Monday, May 21, 2007

INTERROGATION (VI): THE SOPHISTICATES

When not incarcerated, Sirius radio host John DeVore writes plays. What kind of plays? Sophisticated ones. Like The Sophisticates, which opens on June 1. We caught up with John at a recent parole hearing to find out what he has to say about the Pretentious process.

What exactly makes your show so damn pretentious anyway?
It's not "pretentious." It is sincere. My play, The Sophisticates, is a profound work of art that nibbles at the nerve endings of the self-conscious, like a melancholy incubus with a liberal arts degree. While the other shows in the festival aspire to "pretentiousness," my show strives to molest the unknowable, and thereby, I hope to achieve artistic sublimity; I am happy to let my so-called "colleagues" rut in their collective creative feces, pining for validation from the press and the artistic elite, while I lurch, from the clutch of the metaphysical grave, to stroke the cheek of God

Name some obscure influences on your work – extra points for unpronounceability.
Jerzy Grotowski. Michel Foucault. Michael Gardner.

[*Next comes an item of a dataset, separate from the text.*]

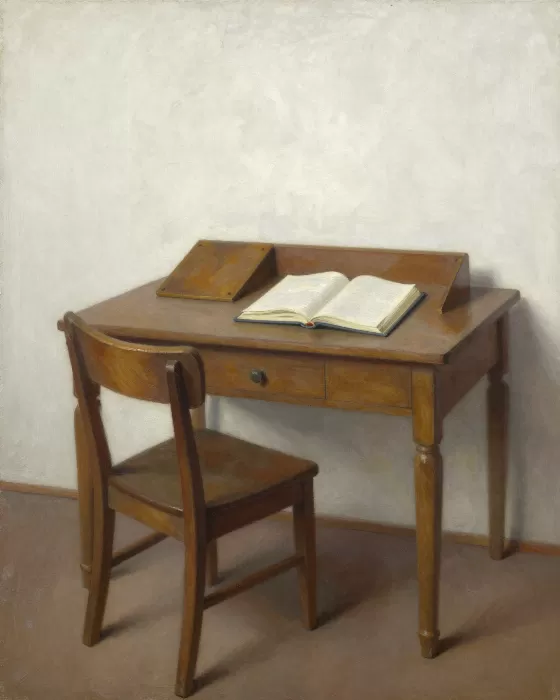 The Ledger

The late Roland Barthes once wrote "For the theatre one needs long arms; it is better to have them too long than too short. An artiste with short arms can never, never make a fine gesture." Explicate.
Long arms are important, especially if one's artistic cock is giraffe-like.

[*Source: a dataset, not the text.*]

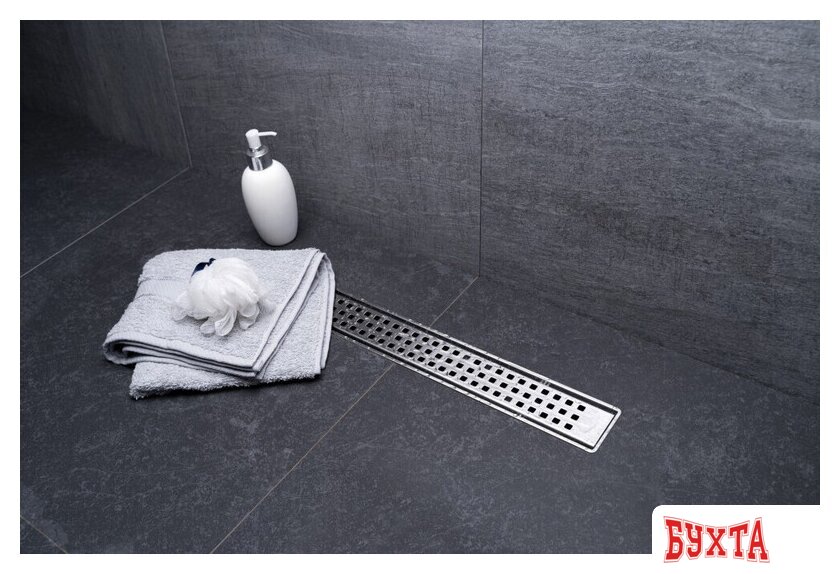 Трап/канал Pestan Betto by Pestan Net Line 750 263890 13702518 4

In what ways do you plan on alienating your audience? Cite an intentionally opaque or confusing moment within your production.
Once you are all dead, you'll understand how brilliant I was and am.

Which other Pretentious Festival show will you declare as your sworn ideological enemy, and why?
Hamlet is for fuckwads. Poeta nascitur, non fit.

Please give us the gist of the acceptance speech you would use were you to win one of our Pretentious Awards.
"John DeVore ... has asked me to tell you, in a very long speech which I cannot share with you presently—because of time—but I will be glad to share with the press afterward—that he must... very regretfully cannot accept this very generous award. And the reason for this being... are the treatment of American Indians today by the theater industry… excuse me… and on stage, and also the recent happenings at Wounded Knee. I beg at this time that I have not intruded upon this evening and that we will, in the future…our hearts and our understanding will meet with love and generosity. Thank you on behalf of John DeVore." – To be delivered by John DeVore's humble servant, RJ Tolan.